CVNA - Carvana: Shorts Might Get Burned

2023-07-06 00:34:29 ET

Summary

  • Carvana's stock has gained 183% since the last publication, despite being a favorite for short-sellers. Management has issued a positive outlook, but the company is still suffering from high debt and declining revenues.
  • CVNA's financial indicators are poor, with a surge in used car sales due to stimulus checks not translating into increased earnings. Management has been criticized for poor decision-making and it has had to borrow heavily to finance business initiatives.
  • I advise against short-selling Carvana due to the risk of the company improving its fundamentals and not heading for bankruptcy.

Carvana ( CVNA ) stock has been one of many short-sellers' favorites for months already. This article is an update of my earlier work on this company. When I covered CVNA, lots of my valued readers were highly eager to profit from Carvana's stock price crash. But the long-awaited crash has not happened. In fact, since my last publication, as of the time of writing, CVNA has gained a whopping 183%, whilst S&P 500 has risen by just 12%, quite a big gap.

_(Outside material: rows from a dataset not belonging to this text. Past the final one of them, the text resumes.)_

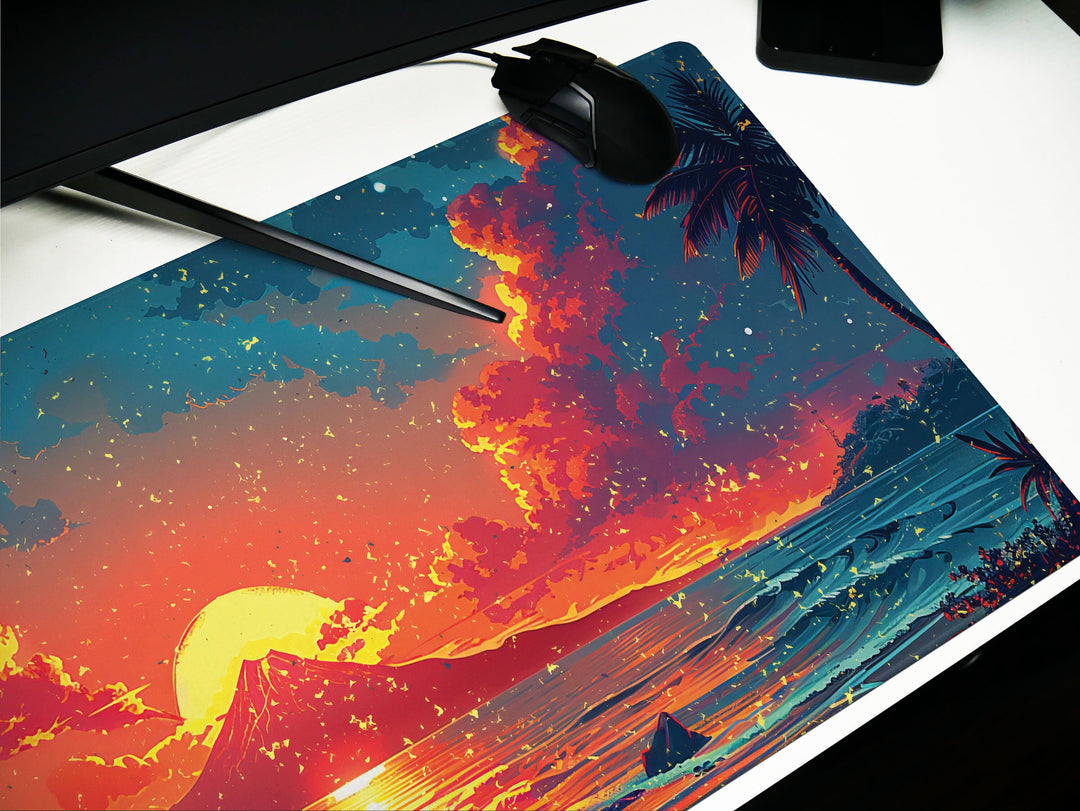 Sunset Serenade, Desk Pad, Mouse Pad, Desk Mat, Volcanic Serenity, Tropical Dusk, Ocean Reflection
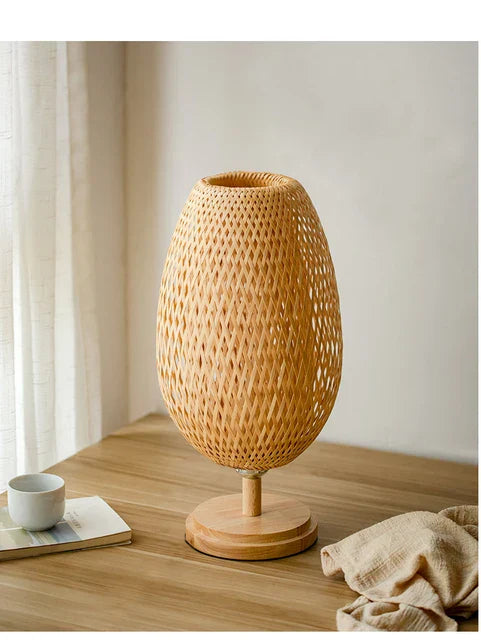 Avelena | Rattanlampe - Stufenlos dimmbare Korblampe für Schlafzimmer- und Wohnzimmerdekoration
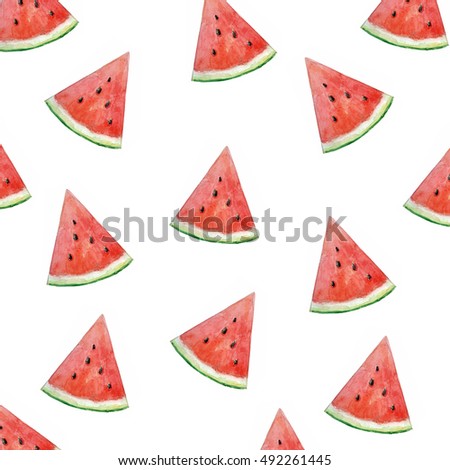 Pattern with colorful  watercolor watermelon pieces.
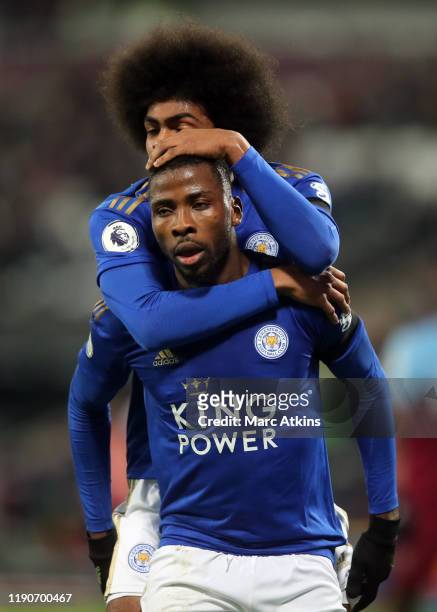 Kelechi Iheanacho of Leicester City celebrates scoring the opening goal with Hamza Choudhury during the Premier League match between West Ham United...
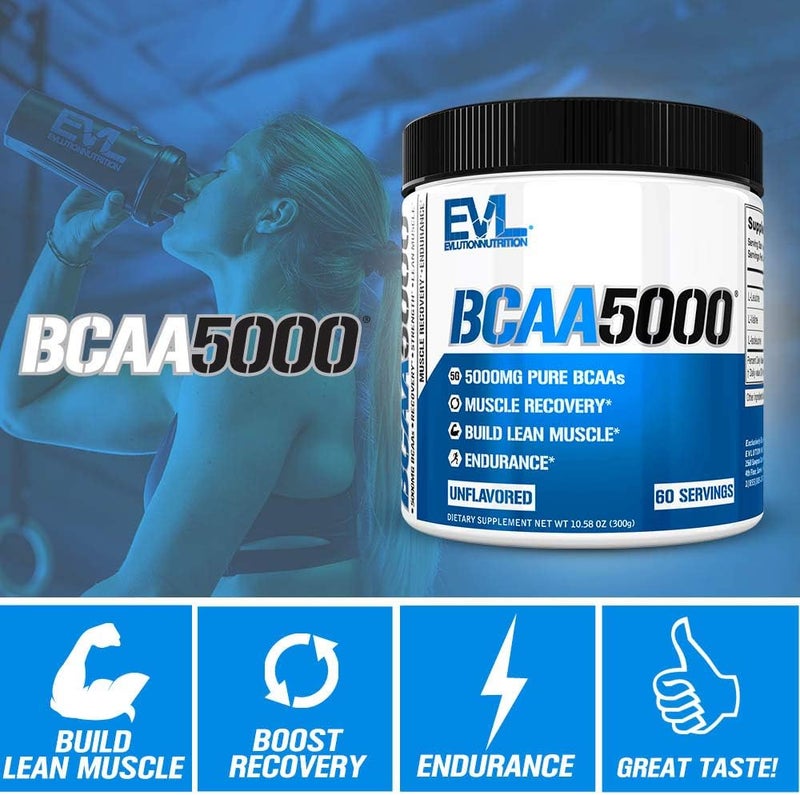 Evlution مسحوق الأحماض الأمينية Evlution EVL BCAAs  مشروب استعادة ما بعد التمرين ومشروب طاقة خالي من المنبهات قبل التمرين  5 جرام من مكمل الأحماض الأمينية المتفرعة السلسلة للرجال  مسحوق بدون نكهة - Image 4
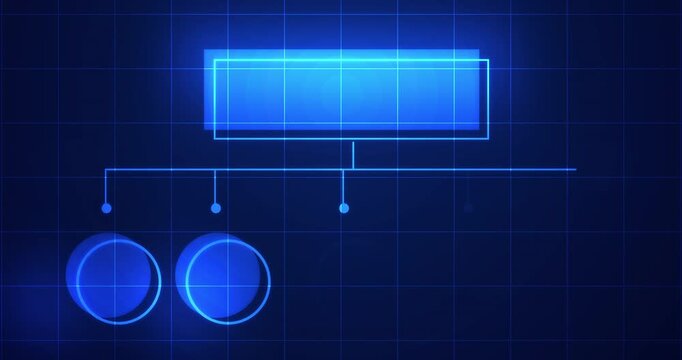 Infographic glowing hologram with empty space for text 4K bg. Business hierarchy squares chart. Workflow flowchart algorithm display. Employee management scheme for organizations. Role assignment.

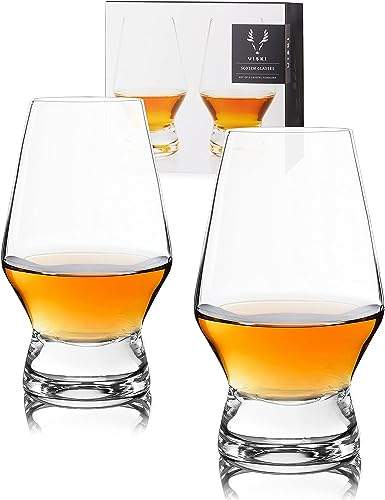 Viski 4290 Footed Crystal Scotch Glasses Set of 2, Lead-Free Premium Crystal Clear Glass, Classic Whiskey Glasses, Scotch Glass Gift Set, 8oz (237ml)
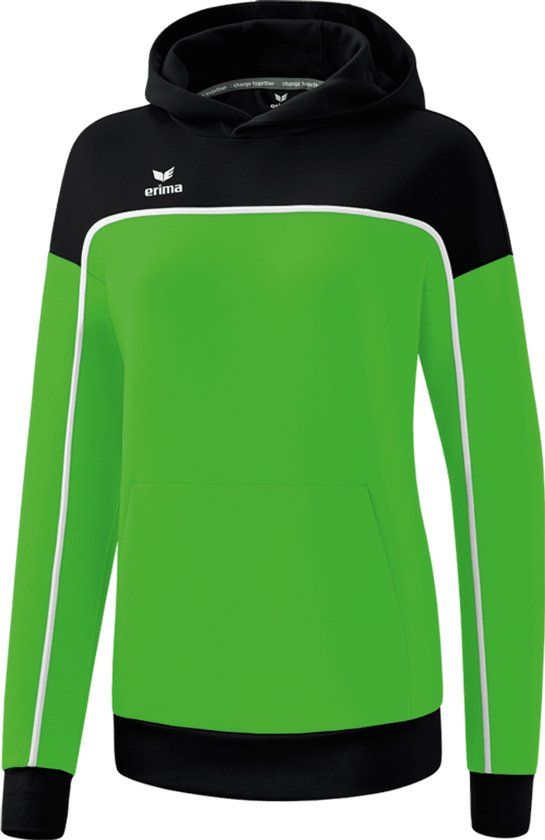 Erima Change Sweatshirt Met Capuchon Dames - Green / Zwart / Wit - Maat 34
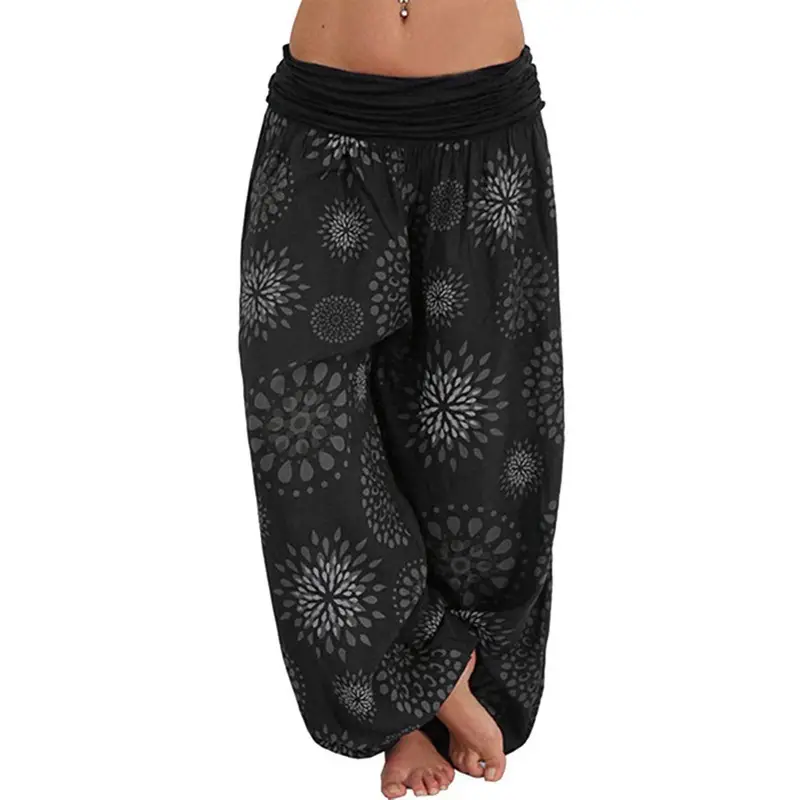 Orange Paisley Print Long Wide Leg Pants for Women
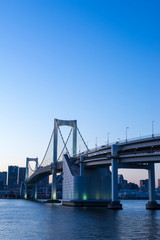evening view of Tokyo rainbow bridge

Imagine what would have happened to the short-seller selling the shares on 11 November 2022 and buying them back now. Do not get me wrong. I am not a great advocate of CVNA shares. But if you consider short-selling CVNA, think twice. Let me explain why.

Carvana stock - positive news

So, why did CVNA stock rise in value, in the first place? The company's management has recently issued a press release saying that Carvana would report a positive adjusted EBITDA of more than $50 million and total gross profit per unit above $6,000 in the second quarter of 2023. The management seemed to be optimistic about the company's outlook as it presented such a positive outlook.

However, some analysts point out that the rise in operational efficiencies was a one-off. Carvana is still suffering from high debt and declining revenues. Right now Wall Street analysts expect Carvana to report sales of $2.57 billion in 2Q 2023 and $2.63 billion in Q3 2023. These results would look much worse compared to 2022's Q2 and Q3 revenue figures of $3.88 billion and $3.39 billion, respectively.

As reported at the end of 1Q 2023, Carvana's long-term debt was $6.5 billion. So, the company is quite indebted, indeed. Its operating cash flow was negative as of $66 million in Q1 2023. The company has never been profitable. But let me cover its fundamentals in some more detail.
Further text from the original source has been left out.